So—where’s NetNewsWire 2.0?
Well, we’re working quite hard on it—which is why I haven’t been doing much posting, and why if you’ve sent me email I may not have replied.
It’s not ready for a public beta yet. The main new features are all in place. What remains is fixing bugs, adding a couple small features, updating the Help, adding polish, basically just taking care of all the many little details.
In other words, we’re in the final sprint. The to-do list is down to 95 items.
(If you’d like to help test, and you have a NetNewsWire license, just send me email. Bravery is required, though, because it does still have bugs. Most of the 95 items on the to-do list are bugs to fix.)
What remains to do
Only a few of the remaining items are big things like updating the Help book. Most are small, it’s just that there are many of them. To give you a flavor...
- A smart list will cause a crash if you unsubscribe from a feed and the smart list includes headlines from that feed.
- The Atom feed parser doesn’t support base64 encoding.
- The order of columns in the headlines table is not remembered between runs.
- The 32K limit to the HTML differences feature should be removed.
- Etc.
Each of the above—and most of the rest of the list—are small, easy-to-fix items.
This, luckily for me, is my favorite part of software development. I enjoy fixing bugs much more than I enjoy adding big new features, probably because I can fix a bunch of bugs in a few hours. It’s like eating chocolates throughout the day instead of eating one big steak once a week.
That’s not to say that there aren’t lots of big new features in 2.0. There are. What we’re doing right now is making sure that it’s not just ambitious but good.
(A reminder, in case you missed it: NetNewsWire 2.0 will be a free upgrade for everyone who has bought or will buy NetNewsWire 1.x.)
Random discussion of one small part of one feature
Here’s what tabs ended up looking like.
How many different ways can tabs be done? You’d be surprised. We tried just about every configuration.
I really wanted the favicons because they perform a usability function: the icons make it easier to find the tab you’re looking for. It’s not just for looks. (We’re Mac users, right? We like icons.)
But the close button needs to be on the left since that’s where it is in Safari, and since close buttons appear in the upper left of Aqua windows. (When we tried putting them on the right, testers could just not get the hang of it.)
We could have put them together—close button, favicon, then title—but that looked very jumbled.
Another option, which had its supporters, was to combine them. The favicons would become close buttons on mouseover. Slick, yes, but at the cost of explicitness. If you didn’t mouseover, you didn’t know there were close buttons.
Another option was to do it like Firefox. In Firefox, tabs have favicons on the left, and there’s just one close button to the right of all the tabs. (But when we tried it, the feedback was almost completely negative, even though many NetNewsWire testers use Firefox. I personally liked this approach, but that’s just me.)
It’s funny, though, because the Firefox style had a unique selling point: it meant you could close an “overflow” tab by clicking a close button. Try it in Safari—open a bunch of tabs so that you get the little tabs menu widget on the right. Select one of the tabs from that menu. Is there something you can click to close that tab? No, you have to use the Close Tab command. With Firefox you can still click the close button.
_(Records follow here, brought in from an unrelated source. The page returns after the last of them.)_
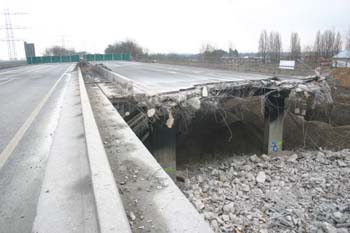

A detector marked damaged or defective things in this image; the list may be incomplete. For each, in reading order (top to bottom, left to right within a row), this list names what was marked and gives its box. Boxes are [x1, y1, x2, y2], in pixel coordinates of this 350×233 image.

damaged bridge [80, 59, 332, 178]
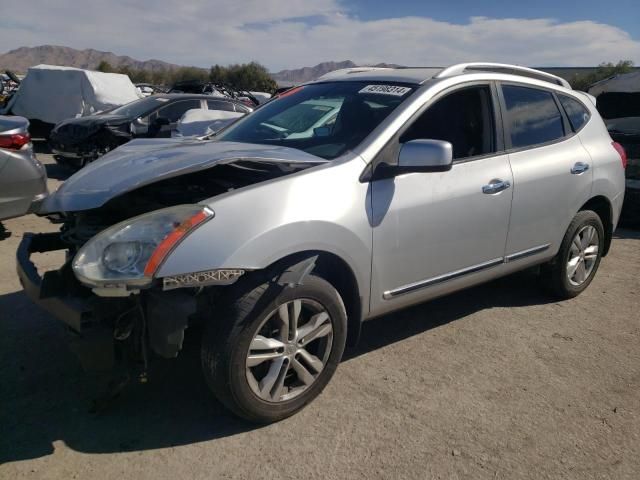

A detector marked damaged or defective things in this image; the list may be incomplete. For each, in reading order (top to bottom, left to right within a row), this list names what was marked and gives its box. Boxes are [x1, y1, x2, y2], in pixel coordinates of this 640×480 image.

crumpled hood [41, 139, 324, 214]
front bumper damage [17, 232, 198, 372]
broken headlight assembly [71, 204, 214, 290]
damaged front end [16, 141, 324, 380]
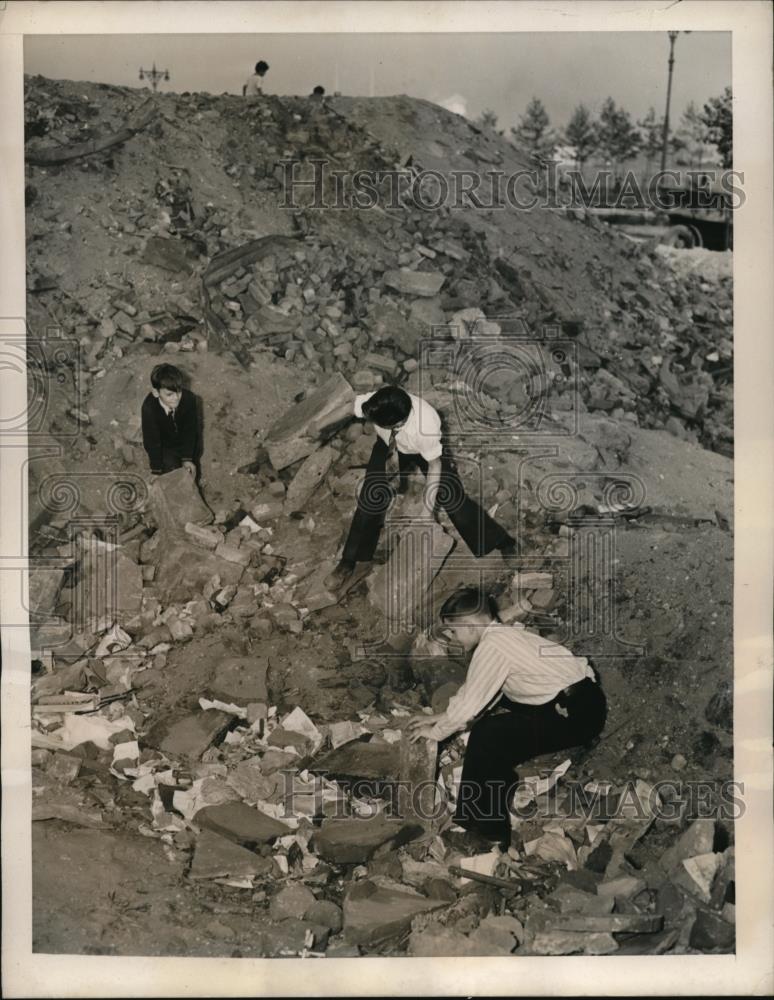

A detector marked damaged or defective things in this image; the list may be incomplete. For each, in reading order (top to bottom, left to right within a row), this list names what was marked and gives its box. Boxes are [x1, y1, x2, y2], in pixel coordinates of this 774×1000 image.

broken concrete slab [384, 266, 446, 296]
broken concrete slab [264, 374, 354, 470]
broken concrete slab [149, 468, 214, 540]
broken concrete slab [284, 446, 334, 512]
broken concrete slab [368, 520, 458, 628]
broken concrete slab [208, 656, 268, 704]
broken concrete slab [143, 708, 233, 760]
broken concrete slab [310, 740, 404, 784]
broken concrete slab [188, 824, 272, 880]
broken concrete slab [193, 796, 292, 844]
broken concrete slab [314, 816, 424, 864]
broken concrete slab [344, 884, 452, 944]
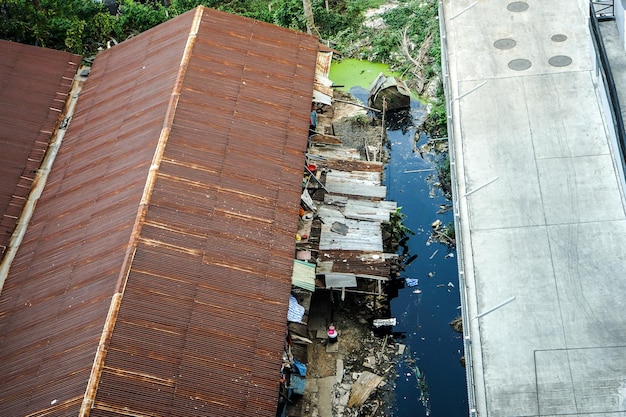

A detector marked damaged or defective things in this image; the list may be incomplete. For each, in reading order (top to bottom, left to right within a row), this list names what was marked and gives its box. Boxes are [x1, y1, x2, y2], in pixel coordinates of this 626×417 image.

rusty corrugated roof [0, 40, 80, 258]
rusty corrugated roof [0, 6, 314, 416]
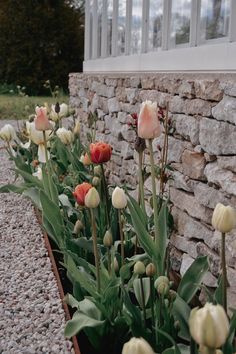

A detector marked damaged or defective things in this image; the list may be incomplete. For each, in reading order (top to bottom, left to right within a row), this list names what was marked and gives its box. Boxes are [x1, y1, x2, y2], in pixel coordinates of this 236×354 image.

rusty metal edging [34, 207, 81, 354]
In the end we went with the configuration pictured above, and we decided to make it possible to turn off the favicons, since it became one of those 50-50 things: some people really wanted them, but other people really preferred a cleaner look.
All of the above is just to say that software development is about trade-offs, and this is a textbook case because the trade-offs are obvious and there is no one best way to do it.
By the way, I’ll be doing a session called “Using WebKit: User Interface Challenges” at O’Reilly’s Mac OS X Conference this October. I probably won’t talk about the specifics of tabs design—it will be at a higher, more conceptual level.